As mentioned above, only a total of 25 people finally participated in the survey which is equal to a participation rate of 28 per cent. Although this return rate is at a common level, network analysis aims at reaching a return rate of at least 66 per cent or, better, even more. The low return rate in this case study is a result primarily due to two reasons:

  • although all data was anonymized for the analysis, network data collection is always person-related—therefore, social network analysis in organizations is always very sensitive to privacy issues;
  • a majority of the research staff was never involved in processes of project acquisition—therefore, these people did not feel addressed to participate in the study.

Although the low return rate reduces the validity of an extensive interpretation of the results, the primary goal of this pre-test study was reached: to pragmatically adapt the method of social network analysis for organizational practice, to gain experience, and to provide explorative explanation of its use and limits. The results of this case study have been documented and have been the foundation to develop a guideline to apply social network analysis as an analytical knowledge management method in other business units of the organization as well.
From a methodical point of view, the questionnaire design was well elaborated, but did miss to check validity of the answers with regard to one aspect: reciprocity. Network linkages in this case study are directed, but the questionnaire collected only data for one direction only (“Whom do you consider as an expert with regard to…?”) and did not ask for the reciprocal connection (like, e.g., “Who did assist you with his or her expertise with regard to…?” and “Whom did you assist with your expertise with regard to…?”). Despite this methodical weakness of the survey design, the workshop discussions finally indicated the correctness and usefulness of the results anyway.
To conclude, this example shows that social network analysis provides a method to trace knowledge flows, analyze network structures and personal expertise with additional value to a simple knowledge map or yellow pages.
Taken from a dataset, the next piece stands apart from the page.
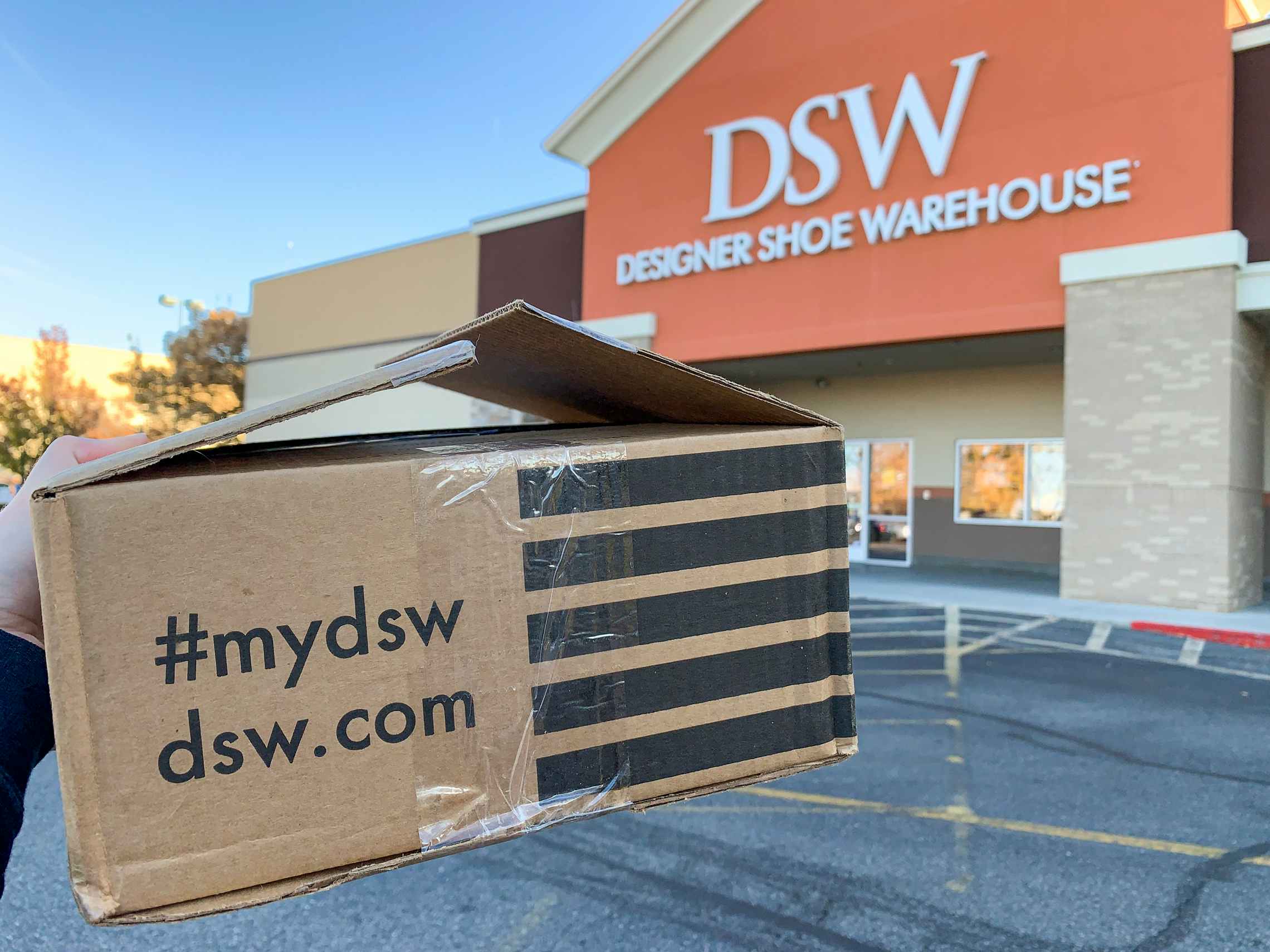 A DSW.com shipping box held in front of a DSW store.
On the one hand, social network analysis tries to identify knowledge flows wherever they may go. On the other hand, social network analysis gives us a detailed picture of actors’ positions, the characteristics of their connections and the overall structure of relationships. Social network analysis provides us with a well-elaborated set of methods and measures for various applications in knowledge management that especially help us to foster organizational expertise and transfer of knowledge.